**Action item**
From the data below, return the exact lines starting at the line containing "UGG BROOKLYN SUNBURST" and ending at the line containing "4055327272766 - Wandbild", both included, and nothing else.

**Exercise inputs**
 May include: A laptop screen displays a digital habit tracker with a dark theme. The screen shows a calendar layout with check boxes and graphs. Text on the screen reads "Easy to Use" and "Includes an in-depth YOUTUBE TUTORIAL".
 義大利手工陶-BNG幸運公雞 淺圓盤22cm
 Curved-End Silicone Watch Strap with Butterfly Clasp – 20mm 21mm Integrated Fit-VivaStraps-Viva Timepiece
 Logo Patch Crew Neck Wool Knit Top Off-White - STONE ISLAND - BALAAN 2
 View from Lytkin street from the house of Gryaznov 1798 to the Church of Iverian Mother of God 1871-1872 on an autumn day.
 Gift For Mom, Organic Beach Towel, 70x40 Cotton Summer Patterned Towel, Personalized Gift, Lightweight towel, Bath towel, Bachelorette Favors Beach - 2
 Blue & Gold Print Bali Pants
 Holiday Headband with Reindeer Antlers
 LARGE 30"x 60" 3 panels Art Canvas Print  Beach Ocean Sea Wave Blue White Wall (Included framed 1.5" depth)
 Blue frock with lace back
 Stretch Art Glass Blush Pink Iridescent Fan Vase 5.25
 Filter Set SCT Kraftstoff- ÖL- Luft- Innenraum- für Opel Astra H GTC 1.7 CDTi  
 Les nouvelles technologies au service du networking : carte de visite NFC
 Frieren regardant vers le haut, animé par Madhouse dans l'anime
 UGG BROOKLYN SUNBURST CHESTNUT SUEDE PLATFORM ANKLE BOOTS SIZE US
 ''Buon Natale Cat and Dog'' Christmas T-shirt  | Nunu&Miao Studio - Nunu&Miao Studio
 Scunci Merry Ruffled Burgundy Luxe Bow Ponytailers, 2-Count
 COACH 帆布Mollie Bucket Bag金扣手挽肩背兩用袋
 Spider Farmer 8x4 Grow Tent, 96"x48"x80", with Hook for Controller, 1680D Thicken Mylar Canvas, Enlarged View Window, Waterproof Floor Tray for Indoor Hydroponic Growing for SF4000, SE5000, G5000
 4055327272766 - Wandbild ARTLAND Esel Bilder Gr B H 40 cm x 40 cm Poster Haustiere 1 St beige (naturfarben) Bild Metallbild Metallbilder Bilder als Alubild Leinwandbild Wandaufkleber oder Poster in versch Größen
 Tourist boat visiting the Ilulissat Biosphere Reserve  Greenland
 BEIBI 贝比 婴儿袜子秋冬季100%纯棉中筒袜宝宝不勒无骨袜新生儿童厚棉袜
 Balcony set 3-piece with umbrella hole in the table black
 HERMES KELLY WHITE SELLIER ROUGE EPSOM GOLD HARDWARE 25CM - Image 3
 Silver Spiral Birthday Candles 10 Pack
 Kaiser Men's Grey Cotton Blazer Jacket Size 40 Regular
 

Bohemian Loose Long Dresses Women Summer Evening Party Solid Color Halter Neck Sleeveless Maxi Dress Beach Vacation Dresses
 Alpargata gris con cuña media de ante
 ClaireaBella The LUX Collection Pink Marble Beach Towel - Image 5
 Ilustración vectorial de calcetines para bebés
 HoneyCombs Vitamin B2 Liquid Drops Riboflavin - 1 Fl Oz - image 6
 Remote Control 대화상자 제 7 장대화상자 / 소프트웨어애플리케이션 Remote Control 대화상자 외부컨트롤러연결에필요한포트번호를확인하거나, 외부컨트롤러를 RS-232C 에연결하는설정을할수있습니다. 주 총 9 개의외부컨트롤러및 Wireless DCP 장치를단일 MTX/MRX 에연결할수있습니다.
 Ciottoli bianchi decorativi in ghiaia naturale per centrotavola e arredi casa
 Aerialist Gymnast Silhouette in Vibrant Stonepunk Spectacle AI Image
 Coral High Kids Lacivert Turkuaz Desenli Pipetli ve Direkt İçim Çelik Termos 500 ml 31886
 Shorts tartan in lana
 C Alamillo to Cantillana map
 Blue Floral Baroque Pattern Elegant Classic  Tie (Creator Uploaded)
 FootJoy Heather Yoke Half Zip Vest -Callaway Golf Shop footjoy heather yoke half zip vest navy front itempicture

**Result of the task**
 UGG BROOKLYN SUNBURST CHESTNUT SUEDE PLATFORM ANKLE BOOTS SIZE US
 ''Buon Natale Cat and Dog'' Christmas T-shirt  | Nunu&Miao Studio - Nunu&Miao Studio
 Scunci Merry Ruffled Burgundy Luxe Bow Ponytailers, 2-Count
 COACH 帆布Mollie Bucket Bag金扣手挽肩背兩用袋
 Spider Farmer 8x4 Grow Tent, 96"x48"x80", with Hook for Controller, 1680D Thicken Mylar Canvas, Enlarged View Window, Waterproof Floor Tray for Indoor Hydroponic Growing for SF4000, SE5000, G5000
 4055327272766 - Wandbild ARTLAND Esel Bilder Gr B H 40 cm x 40 cm Poster Haustiere 1 St beige (naturfarben) Bild Metallbild Metallbilder Bilder als Alubild Leinwandbild Wandaufkleber oder Poster in versch Größen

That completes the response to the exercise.